NEWSLETTER

FINANCIAL COOPERATIVE OF INTERNATIONAL CIVIL SERVANTS

N° 94 / September 2024

Feedback on the 2024 Annual Meeting

Voting for the 33rd Annual General Meeting took place from June 10 to June 21, 2024. We would like to thank all our members, who voted in even greater numbers this year (the turnout was 66.72%, compared with 64.61% in 2023).

All resolutions were passed, and the following candidates were elected (in alphabetical order):
Mr. Daniel Henquet, Ms. Adrienne Hervé, Mr. Olivier Maréchal (subject to CSSF approval), Mr. Nicolas Salomon, Ms. Rita Umeh-Okoyeocha.

Our sincere thanks go to all the other members who stood for election.

Following the presentation of the Annual General Meeting, held on Saturday June 22, the Board of Directors elected its officers:

  • Mr.
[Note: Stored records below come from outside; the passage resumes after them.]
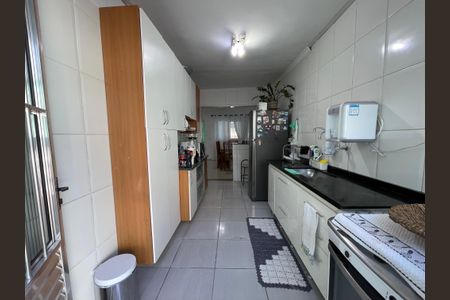 Casa à venda com 130m², 2 quartos e 3 vagas Casa à venda com 130m², 2 quartos e 3 vagasCozinha
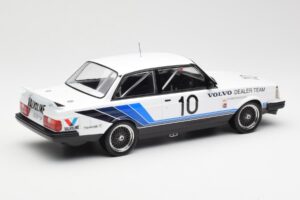 Volvo 240 Turbo #10 R. Francevic Winner ATCC 1986 IXO 1:18 18RMC176 Metall – Bild 2 von 6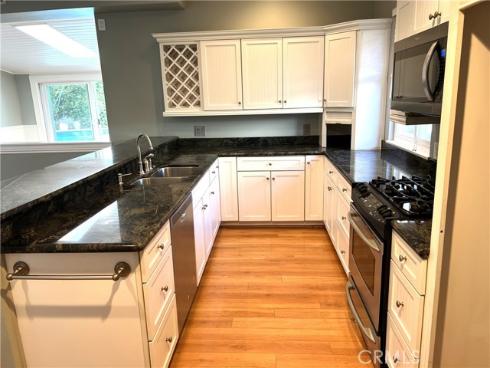 208 Dartmouth Place, Costa Mesa, CA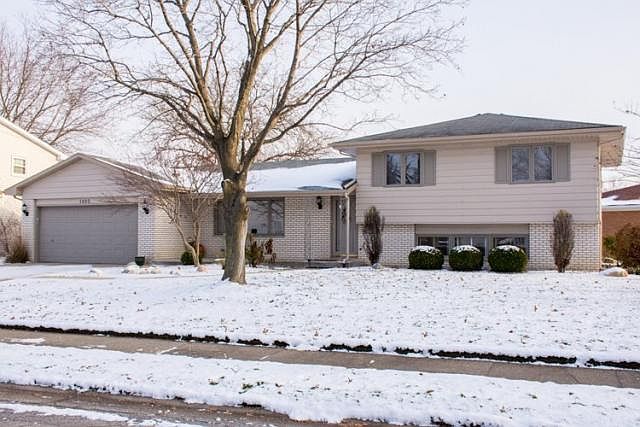 1st image of 1493 Cambridge Dr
Stéphane Argyropoulos, Chairman
  • Mr. Xavier Roblin, Vice-Chairman
  • Mr. Nicolas Salomon, Treasurer
  • Ms. Adrienne Hervé, Secretary General
  • Mr. Fabrice Andreone, Member
  • Mr. Daniel Henquet, Member
  • Mr. Olivier Maréchal (subject to the CSSF approval), Member
  • Ms. Rita Umeh Okoyeocha, Member

Purchase and sale of shares (October 2024)

The share price for the October sale of share will be €88.40.
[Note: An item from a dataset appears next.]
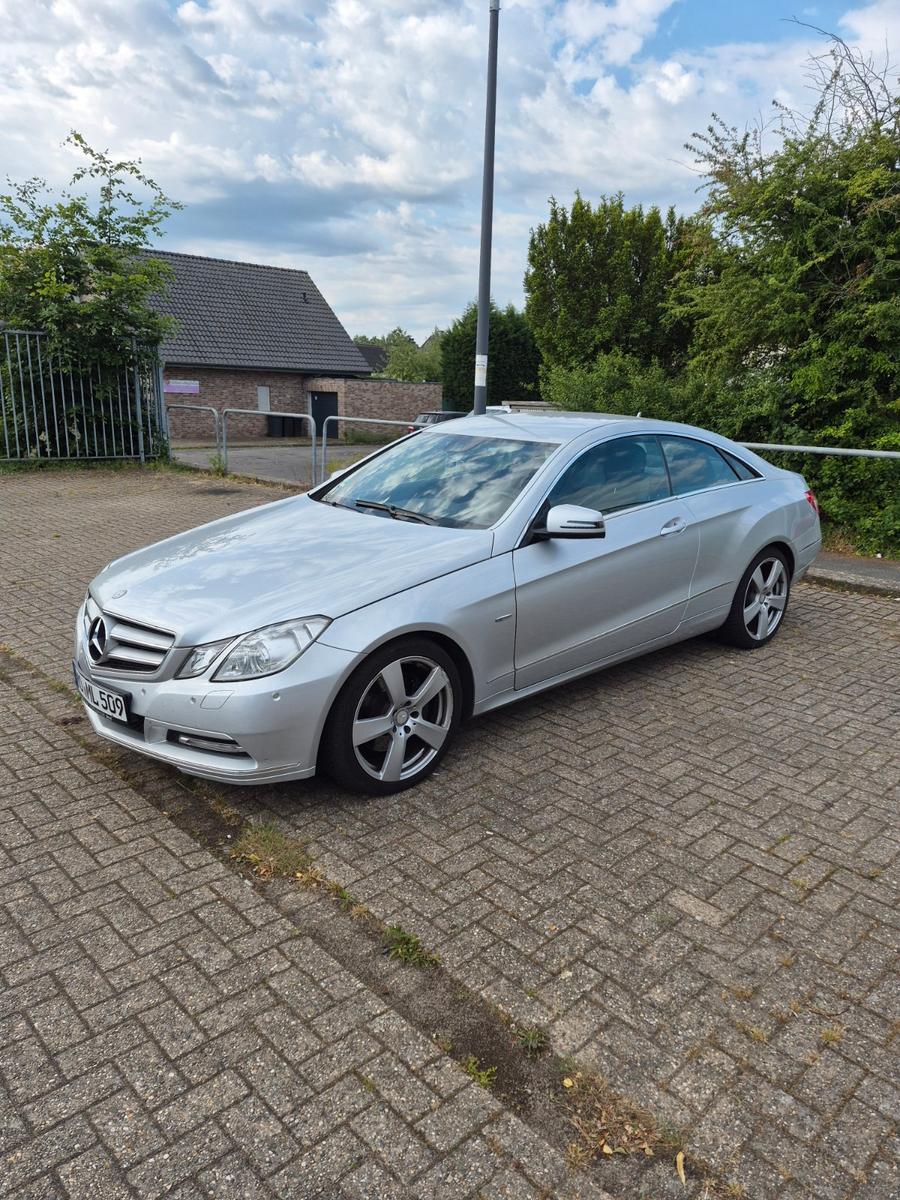 Mercedes-Benz E 220 Coupé E 220 CDI BlueEFFICIENCY ELEGANC...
The sale of shares will take place in October, and potential buyers should make known, via amfie.net or by mail, the number of shares they wish to acquire at the price of €88.40 per share (at the latest October 3, 2024).

To facilitate the exchange of ordinary shares between members, AMFIE is organizing a session for the purchase and sale of ordinary shares.

These sales are organized to enable members who wish to buy shares from other members in AMFIE's capital at a price set by the Board of Directors.

 

  How to buy or sell shares (Members' area)

Capital increase - available shares

The General Meeting approved the principle of a capital increase subject to conditions. The following timeline outlines the process for issuing shares if demand exceeds availability :

4 October: Determination of the excess demand within the limit of €200,000 or 2,262 ordinary shares

7 October: Communication to existing shareholders who have not chosen to sell shares concerning their subscription rights.

12 October: Deadline for response from shareholders on the acquisition of their entire share of eligible shares - the absence of a response being deemed a refusal.

15 October: The remaining shares available after exercising or not exercising the above rights will be allocated according to the same rule as we apply for annual sales (bottom up).

Coordinators

We congratulate our two young retirees, Catherine Bécour from OMI and Véronique Allain from SCBD, and thank them for continuing to help our prospects from London and Montreal respectively.

We welcome a new member of staff to the SCBD, Montreal, Mr. Frédéric Vogel, where he will become a new member of the team of coordinators.

Yields 3rd quarter

The Board of Directors has decided to maintain the interest rates on AMFIE's savings accounts, and most of the term deposits and 0-18 accounts. 

  Yields 3rd Quarter 2024

Crypto assets

Bitcoin, Ethereum, Solana... but also Dogecoin, Avalanche or Polkadot... You've probably already heard some of the names of these crypto assets, or of the 20,000 others that have sprung up over the past fifteen years. In this article, AMFIE Academy won't tell you about the history of cryptoassets, their architecture on the blockchain or the mysterious Satoshi Nakamoto (the literature on this subject is abundant). Instead, we'll explore the key differences between these crypto-assets and traditional asset classes to complete your understanding of these instruments and their underlying nature.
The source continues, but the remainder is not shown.